Just as Canadian cattle farmers were recovering from the mad cow disease scare in 2003, they are worried about the impact this E. coli scare may have on their bottom lines.

It is unfortunate that it takes a tragedy to raise awareness in the general population of the real dangers posed by factory farms and giant agribusiness meat-packing plants, but there is a better way to preserve not only the jobs in the cattle industry, but also the health of consumers.

In my opinion there are two main issues that converged to create the E. Coli problem: 1) Factory Farms, and 2) Ridiculously gigantic meat-packing plants.

Factory farms are where most cattle are raised – they are kept inside standing in their own excrement for most of their lives, not seeing the light of day.
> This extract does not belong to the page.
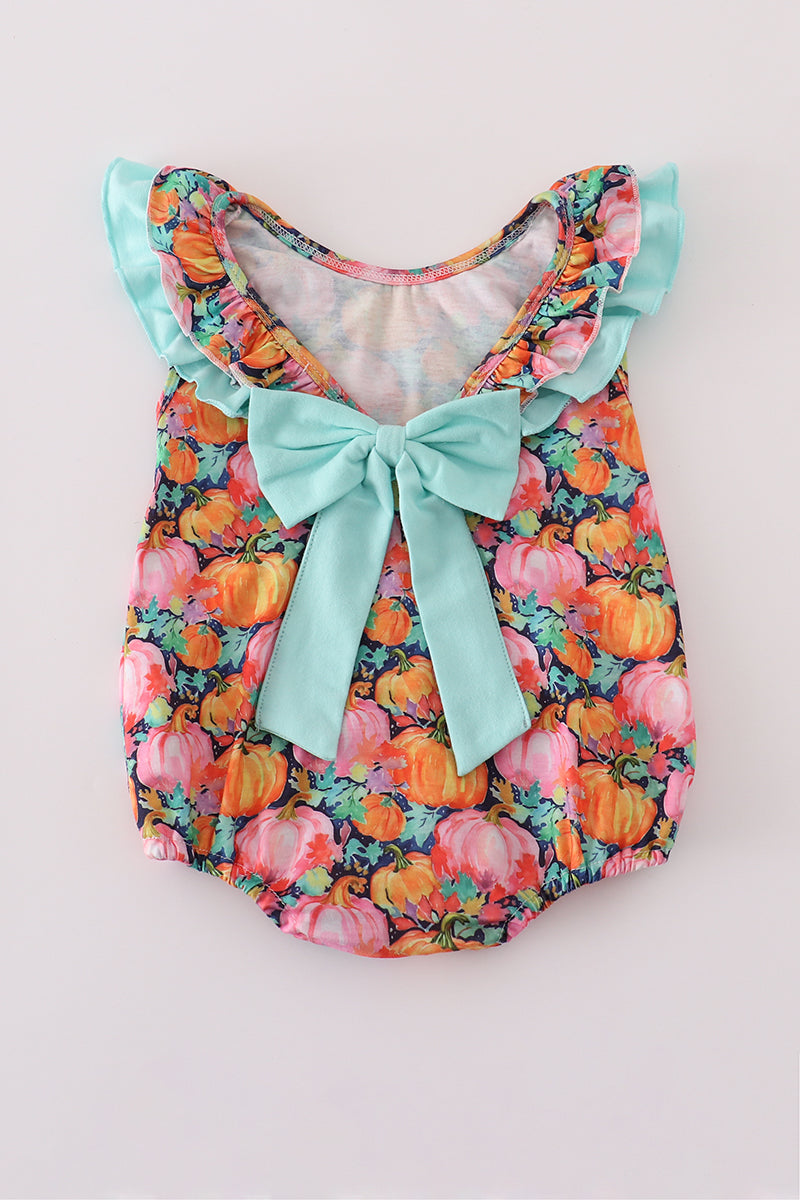 Girls Pink Pumpkin Print Ruffle Bubble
These animals are not eating their natural diet of grass, but are fed pesticide-laden, probably GMO corn. Feeding corn (even if it were not GMO) to ruminant animals whose bodies are designed to eat grass makes the cattle very sick, raising E. Coli levels to dangerous levels.

Antibiotics are given to the animals in an effort to control illness, which we now know is one of the most important reasons we have antibiotic resistance in humans today.
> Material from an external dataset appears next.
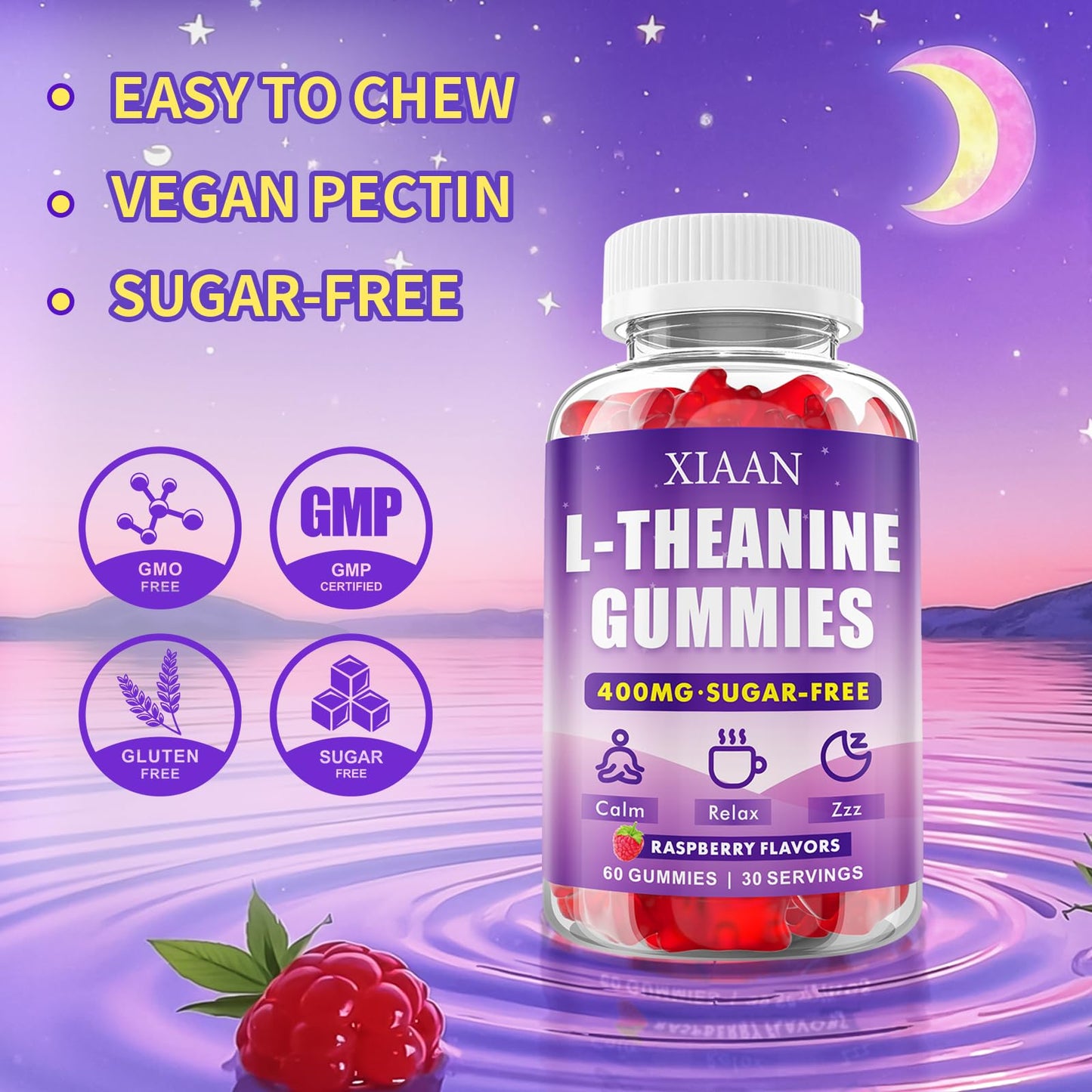 XIAAN L-Theanine Gummies – 400mg, Calm & Sleep Support (Vegan Raspberry)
Pastured cattle do not have high E. coli counts, as grass is the natural diet of a cow. Pastured animals do not need antibiotics, as they don’t tend to get sick.

Research has shown that if cattle ranchers were to stop the grain and replace with grass or hay for as little as 2 weeks prior to slaughter, E. coli counts would drop by 90%. Why is this not done? Because cows fatten up quickly on grain, and feeding hay would reduce the weight of the animal, reducing the price fetched.

This summer I read about a farmer who actually began feeding his cattle gummy worms because the price of grain was so high due to the drought. He found his animals fattened up really well – yes, a diet of gummy bears would definitely be as fattening to cattle as to humans, but also as bad for the health of the cattle as they would to humans. Can you imagine how high those E. Coli counts would be? Eating sick animals is not going to make us healthy.

Even if the cattle are grass-fed, if they are slaughtered in a huge plant alongside all the factory-farmed cattle, there is no way to assure that their meat won’t be contaminated too.

From the stories that have recently come out of the XL Foods plant, it seems that the problems are mirroring what Eric Schlosser wrote about in his book Fast Food Nation: The Dark Side of the All-American Meal.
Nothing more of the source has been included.